DATASET CONTENT>
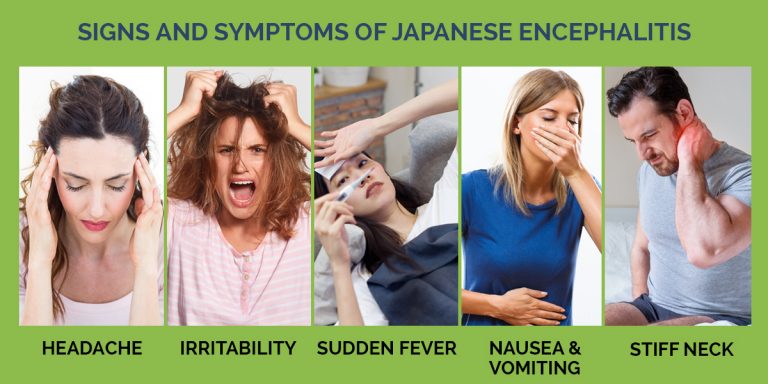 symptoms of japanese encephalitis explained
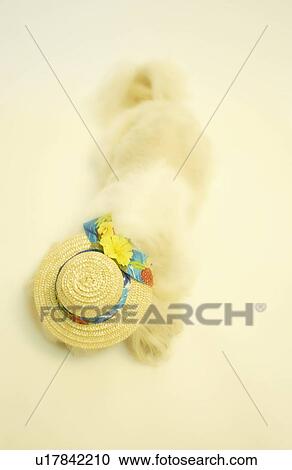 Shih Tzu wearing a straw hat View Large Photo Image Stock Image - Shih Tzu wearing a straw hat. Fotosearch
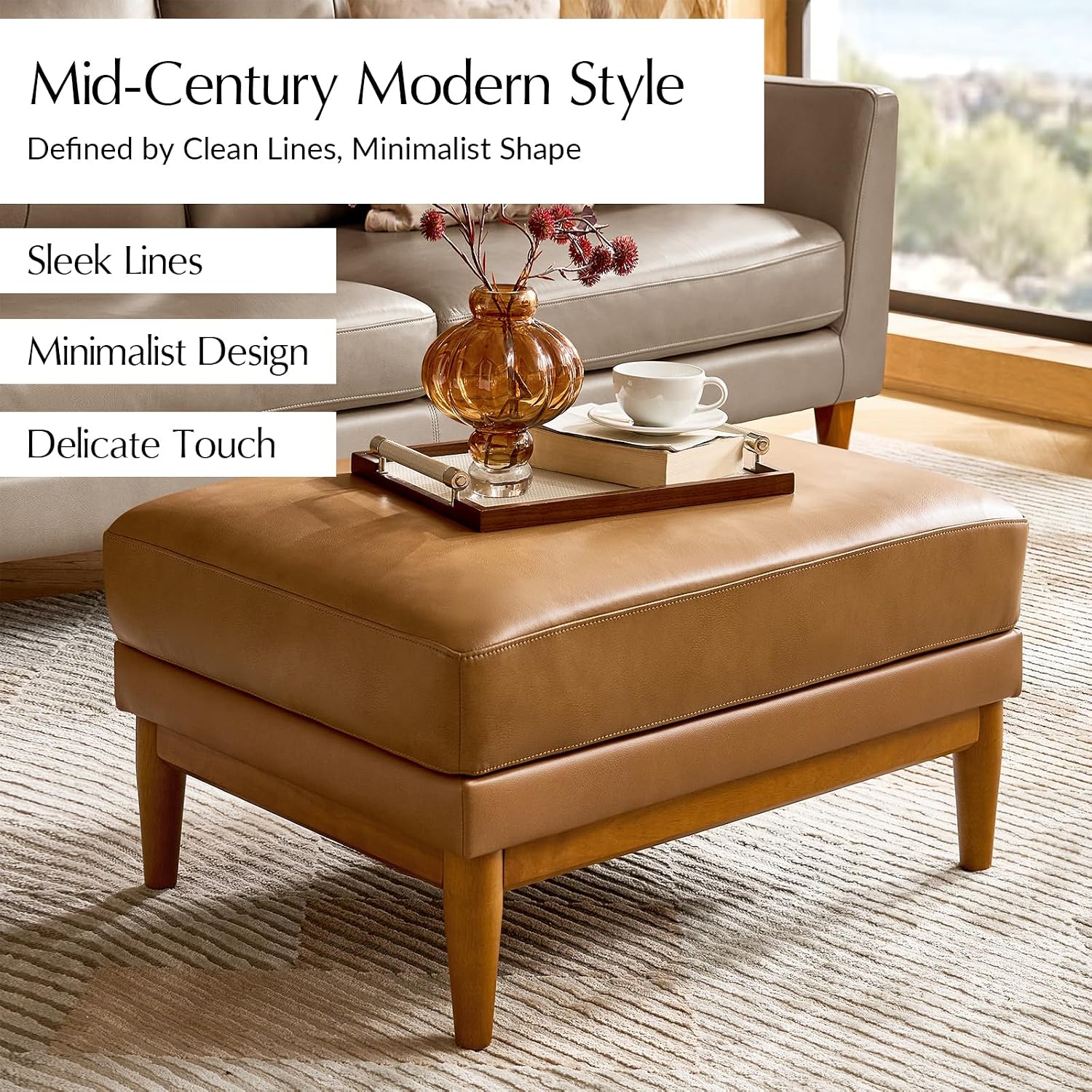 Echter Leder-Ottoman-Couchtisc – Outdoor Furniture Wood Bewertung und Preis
---
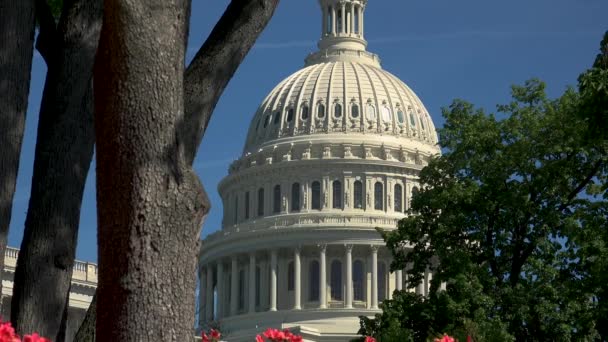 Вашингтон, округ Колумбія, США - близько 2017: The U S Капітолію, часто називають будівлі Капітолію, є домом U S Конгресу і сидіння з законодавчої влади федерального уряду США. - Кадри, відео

YOUR INSTRUCTIONS> Nothing outside the stretch above, from the line with "symptoms of japanese encephalitis explained" through the line with "Echter Leder-Ottoman-Couchtisc –", is set down. Transcribe that stretch exactly, ends included, but not its pictures.

TASK RESULT>
 symptoms of japanese encephalitis explained
 Shih Tzu wearing a straw hat View Large Photo Image Stock Image - Shih Tzu wearing a straw hat. Fotosearch
 Echter Leder-Ottoman-Couchtisc – Outdoor Furniture Wood Bewertung und Preis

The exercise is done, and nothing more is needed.